In first person, the entire story is colored by only what is within the character's scope of knowledge and experience. Thus, the story may not be entirely objective, a quality some authors use as a literary tool to lead the reader in one direction throughout the book and then spring a surprise (objective) climax on them they didn't see coming until the protagonist's subjected bent becomes apparent at the end.

 Second person POV is rare in novels, although it's used more often in non-fiction. I frequently use second-person in my self-help books such as Mom NEEDS Chocolate and my upcoming Too Blessed to Stay Stressed. In these types of inspirational, humorous books, speaking directly to the reader lends an atmosphere of girl talk across a table while sipping mocha lattes.

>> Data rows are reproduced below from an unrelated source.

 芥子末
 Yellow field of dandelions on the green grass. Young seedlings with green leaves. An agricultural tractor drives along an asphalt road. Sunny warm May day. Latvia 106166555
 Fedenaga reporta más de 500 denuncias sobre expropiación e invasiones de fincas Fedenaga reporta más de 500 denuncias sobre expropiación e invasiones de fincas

Are you gettin' me, girlfriend?

Third person POV can be approached several different ways. Third person omniscient is a distant, overall perspective, as if viewing life on earth from an astronaut's viewpoint in outer space. Or God's perspective, which is, of course, all knowing, all seeing. The narrative moves freely in and out of character's minds. This POV isn't used as often as it was in, say, Dickins day, but it can work well with broad sagas of multiple characters and events.

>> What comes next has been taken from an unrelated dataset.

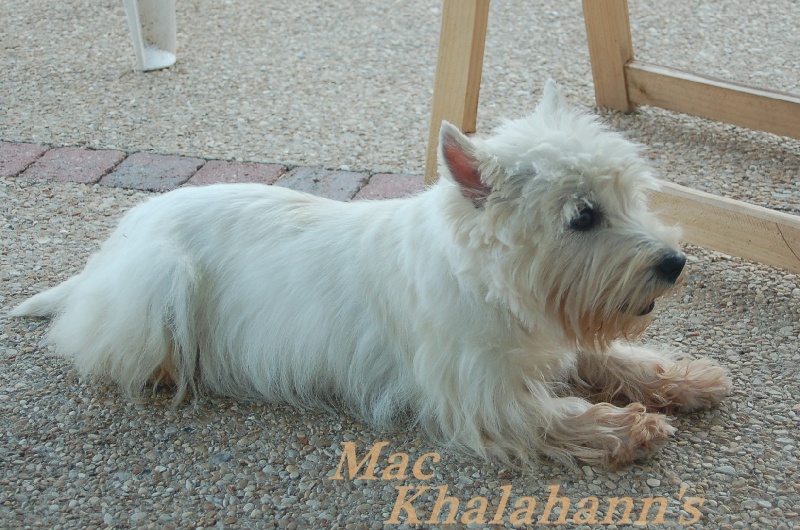 Publication : Mac Khalahann's Auteur : Mac Khalahann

Limited third person is a kind of compromise between first person and third person omnicient.Although the story is told about another person as in "he" or "she," the storytelling remains in the consciousness of a single character. It doesn't have to be the same character; in fact it makes for a rather boring book if the entire story is told in one POV. It makes for a more interesting plot and more thorough coverage if the POV shifts between 3-4 characters, but attention must be paid to smooth flow.

Above all, you must take care not to confuse the reader. That would create what I call an "eyeball wall" and you're in deep dung-doo if you do too much of that. They'll simply close the book and walk away.

Most creative writing programs teach that you shouldn't hop heads - shift POV from character to character - within the same scene. POV changes should occur naturally at chapter changes or with line spaces within chapters. However, I've noticed a growing trend to shift POV from paragraph to paragraph in some modern fiction, although I personally find it bamboozling at times. You begin to wonder, "Now who's thinking this?" and you have to go back and re-read to figure it out. Many editors would consider this poor craft or lazy writing.

Well, I hope this little head hunt is helpful in your publishing quest. Write on!